Recursion error in sorting algorythm for singly linked lists-CodePudding

I've been trying to write a mergeSort algorithm for singly linked lists in Python and, for bigger lists, in function merge(p1,p2) I keep getting an error about reaching the maximum depth of recursion: "maximum recursion depth exceeded in comparison". I tried to write this function without recursion and it works but I would like to give this thing a try also.

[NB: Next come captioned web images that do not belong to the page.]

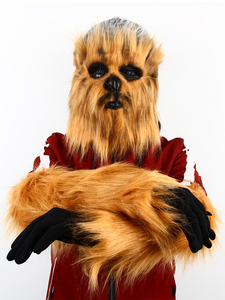 หน้ากากสัตว์มีขนยาวหน้ากากสัตว์ชุดปาร์ตี้ชิวแบ็กก้าน่ารักหน้ากากยางคอสเพลย์ชุดอุปกรณ์ประกอบฉากและถุงมือ - Product Image 4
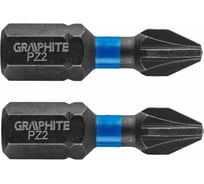 Биты ударные Graphite PZ2 x 25 мм 1/4" S2 2 шт. 56H504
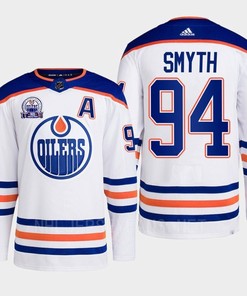 Ryan Smyth 94 Edmonton Oilers White Jersey 2022 Hall Of Fame Patch Away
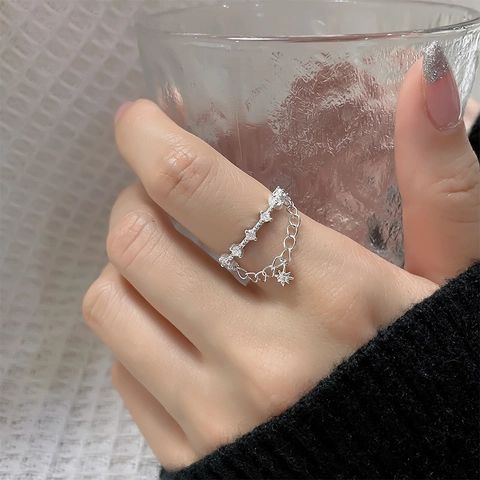 Star Pendant Chain Open Ring Copper Cubic Zirconia Double Layer Adjustable Minimalist Jewelry For Women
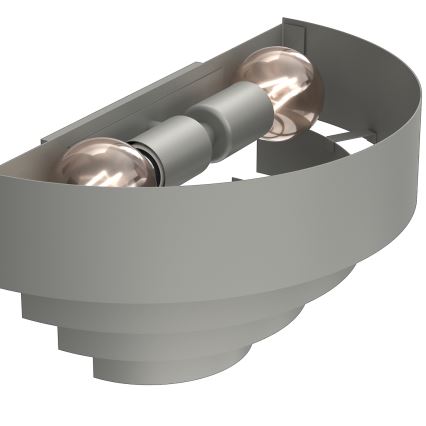 Stenska svetilka RINGS 2xE27/15W/230V siva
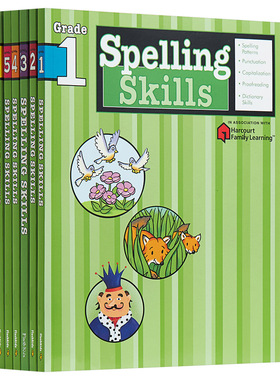 Harcourt Family Learning Flash Kids Spelling Skills Grade 1-6 拼写技能提高练习册 英文原版 哈考特英语学习辅助教材书籍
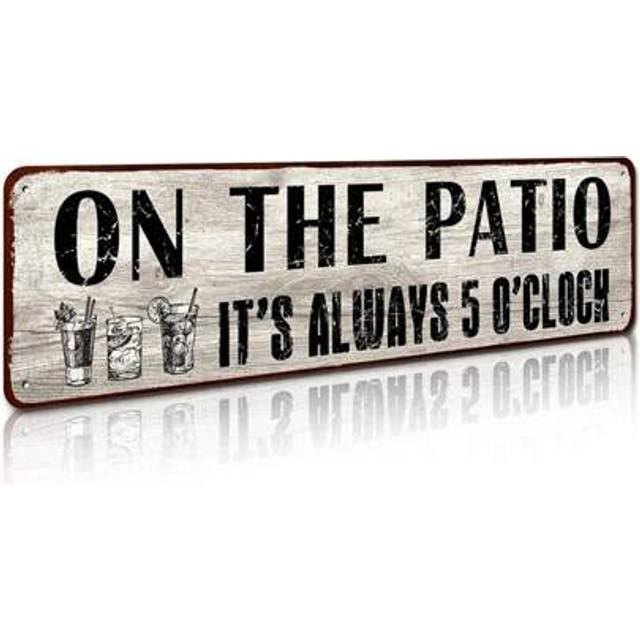 SHEIN Outdoor Wall Decor, Home Wooden Plaque Sign, Suitable For Bar, Pub, Porch, Outdoors, Always Five O&#39;Clock Room Decor Bedroom Decor Home Decor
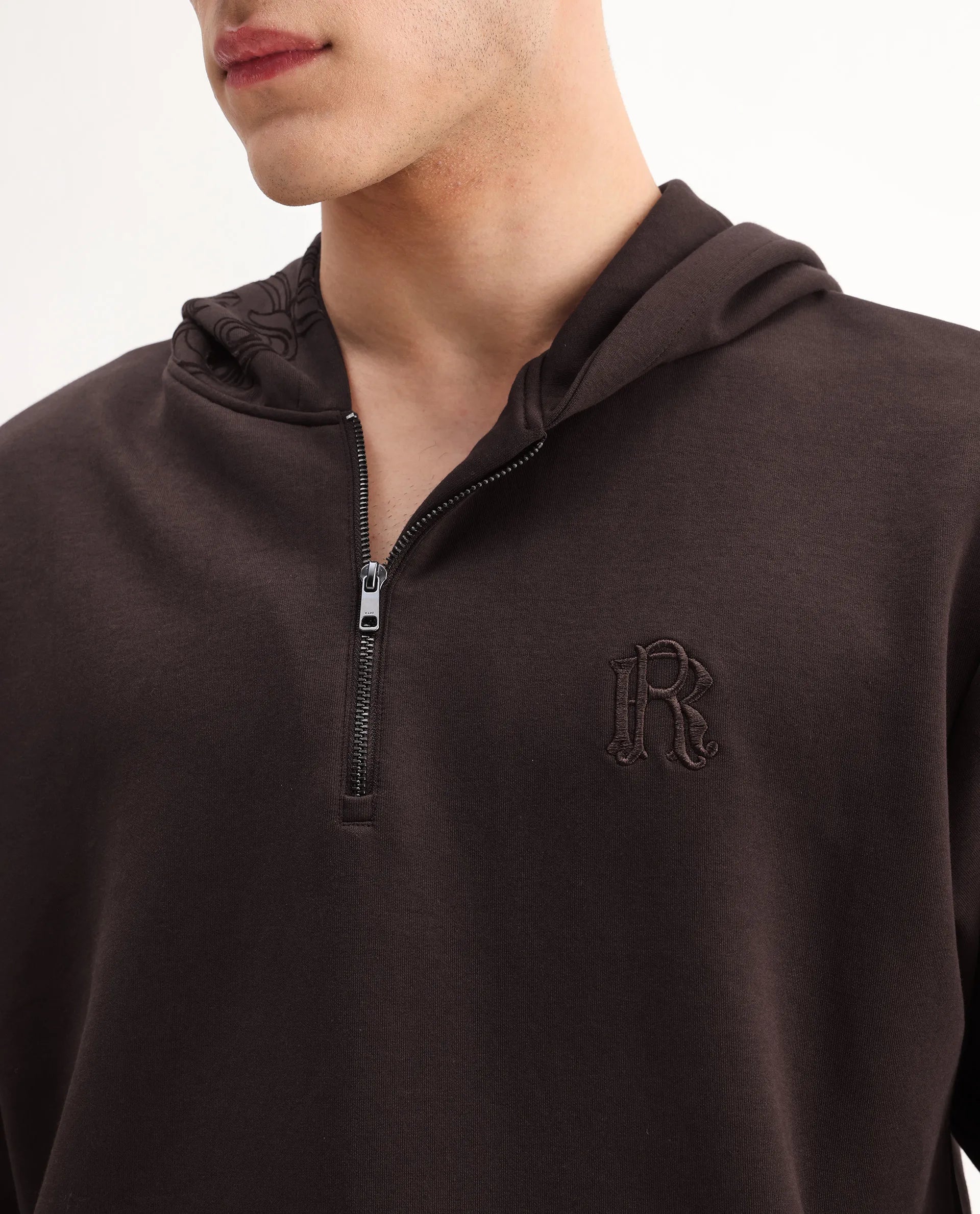 Rare Rabbit Men's Caig Dark Brown Cotton Blend Printed Regular Fit Full Sleeve Hooded Sweatshirt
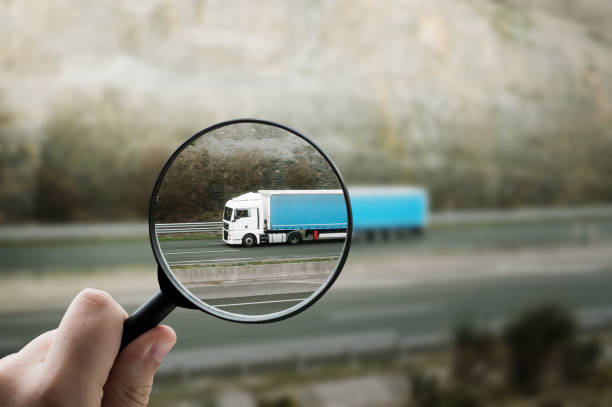 istock Focusing on a truck on a highway 2004987147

I can't find where I made a mistake and if someone would be kind enough to point me in the right direction, I would be pleased.

Node class:

class Node():
    def __init__(self):
        self.data=None
        self.next=None

Merge sort:

def merge(p1,p2): 

    if p2 == None:
        return p1
    if p1 == None:
        return p2
    if p1.data<=p2.dat:
        temp=p1
        temp.next=merge(p1.next,p2)
    else:
        temp=p2
        temp.next=merge(p1,p2.next)
    return temp

def merge_sort(p):

    if p.next == None:
        return p
    mid=get_middle(p)
    h2=mid.next

    mid.next=None

    left=merge_sort(p)
    right=merge_sort(h2)


    output=merge(left,right)

    return output

def get_middle(p):

    if p==None:
        return p
    slow=p
    fast=p.next

    while (fast != None and fast.next != None):
        slow = slow.next
        fast = fast.next.next
    return slow

CodePudding user response：

To check your current recursion limit:

import sys
sys.getrecursionlimit()

You could change the recursion limit, but it is not the way.

Your merge function should not be recursive, as @ggorlen mentioned, it's going linear on stack depth and exceeding 1000. I have tested when the nodes are over 970, an exception will be thrown.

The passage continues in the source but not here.